The newly appointed senator is a former

member of Congress who later served as U.S. Ambassador to Mexico under President Carter. He was not a co-sponsor of the federal Lesbian and Gay Civil Rights Bill during his U.S. House service, but was viewed as a supporter by lesbian and gay activists. Krueger is expected to face a crowded field of candidates in a May 1 open primary election to fill out the remaining years of Bentsen's term.

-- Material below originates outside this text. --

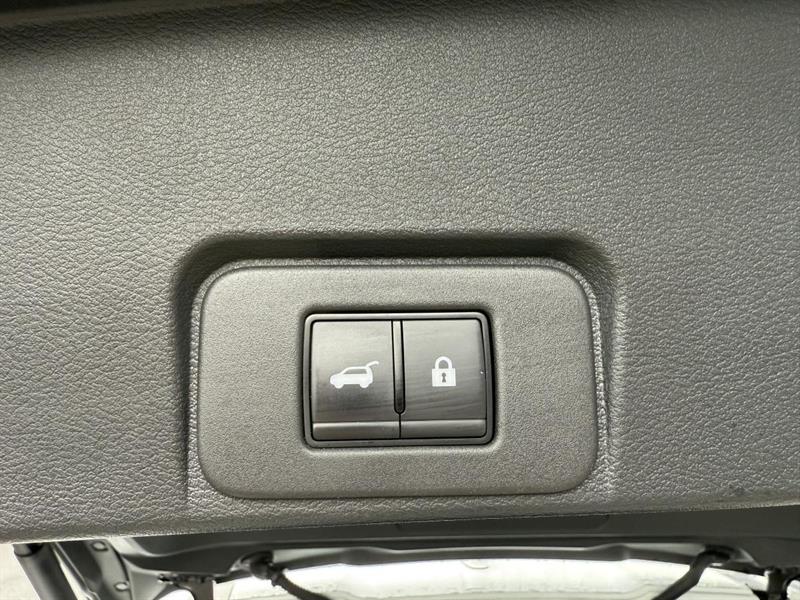 nissan Rogue 2025 - 20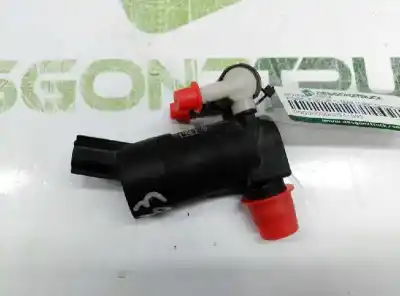 Автозапчастина б/у чистити насос для ford focus c-max (cap) connection посилання на oem iam 1355124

San Francisco police chief endorses gays in the military

The Bay Area Reporter of San Francisco reports that that city's police chief has written a letter to General Colin Powell urging him to accept President-elect Bill Clinton's plan to lift the military ban on gays and lesbians. Chief Tony Ribera wrote that, "In 1979, before the first openly gay officer entered our department, I had doubts about the propriety of hiring gays as police officers. However the events of the past 14 years have changed my thinking on the issue."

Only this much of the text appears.